By addressing precursor prevalence and energetics using the DFT-based synthetic growth concept (SGC), the formation mechanism of self-induced InAlN core–shell nanorods (NRs) synthesized by reactive magnetron sputter epitaxy (MSE) is explored. The characteristics of In- and Al-containing precursor species are evaluated considering the thermal conditions at a typical NR growth temperature of around 700 °C. The cohesive and dissociation energies of In-containing precursors are consistently lower than those of their Al-containing counterparts, indicating that In-containing precursors are more weakly bonded and more prone to dissociation. Therefore, In-containing species are expected to exhibit lower abundance in the NR growth environment. At increased growth temperatures, the depletion of In-based precursors is even more pronounced.

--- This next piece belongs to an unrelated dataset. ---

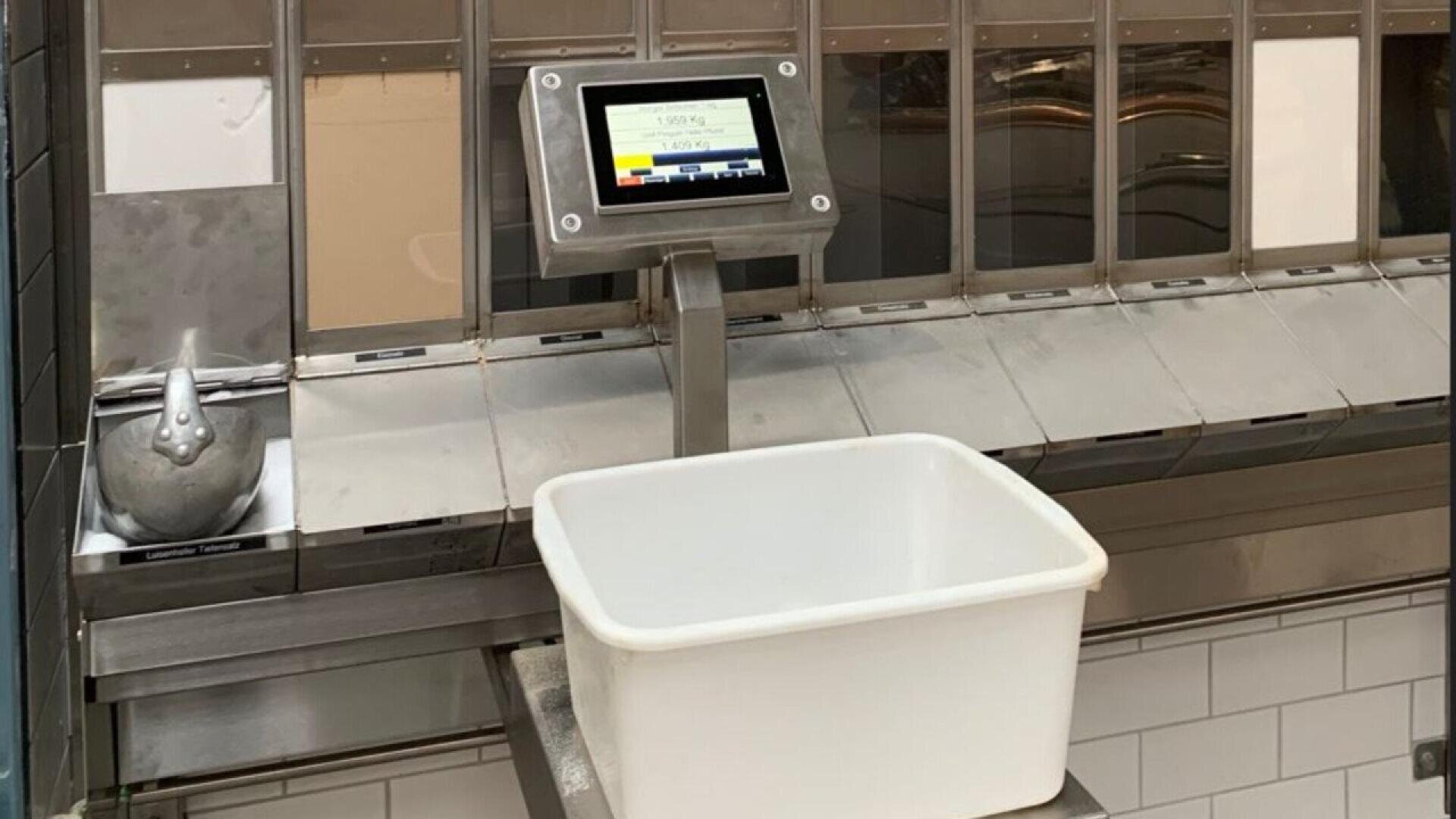 A digital scale with a display screen is mounted above a metal surface, holding a large empty white plastic bin. To the left, there is a metal figurine of a chicken near a tiled wall.
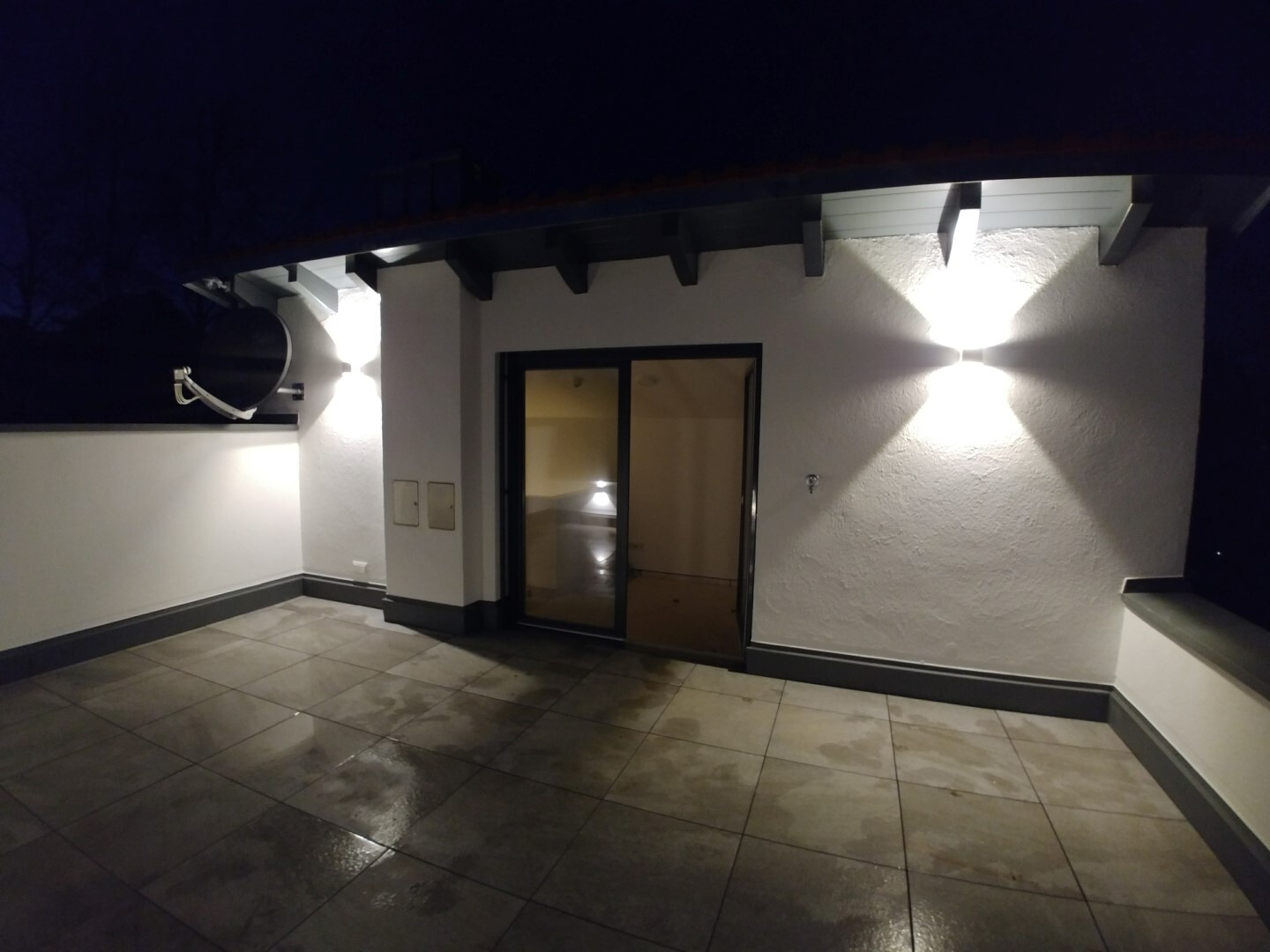Night view of a roof terrace with glass sliding door, wall lamp, and satellite dish.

A distinctive imbalance in the incorporation of Al- and In-containing precursor species (namely, AlN/AlN⁺, AlN₂/AlN₂⁺, Al₂N₂/Al₂N₂⁺, and Al₂/Al₂⁺ vs InN/InN⁺, InN₂/InN₂⁺, In₂N₂/In₂N₂⁺, and In₂/In₂⁺) is found at the growing edge of the NR side surfaces, which correlates well with the experimentally obtained core–shell structure as well as with the distinctive In-rich core and vice versa for the Al-rich shell. The performed modeling indicates that the formation of the core–shell structure is substantially driven by the precursors’ abundance and their preferential bonding onto the growing edge of the nanoclusters/islands initiated by phase separation from the beginning of the NR growth. The cohesive energies and the band gaps of the NRs show decreasing trends with an increment in the In concentration of the NRs’ core and with an increment in the overall thickness (diameter) of the NRs. These results reveal the energy and electronic reasons behind the limited growth (up to ∼25% of In atoms of all metal atoms, i.e., In_xAl_1–xN, x ∼ 0.25) in the NR core and may be qualitatively perceived as a limiting factor for the thickness of the grown NRs (typically <50 nm).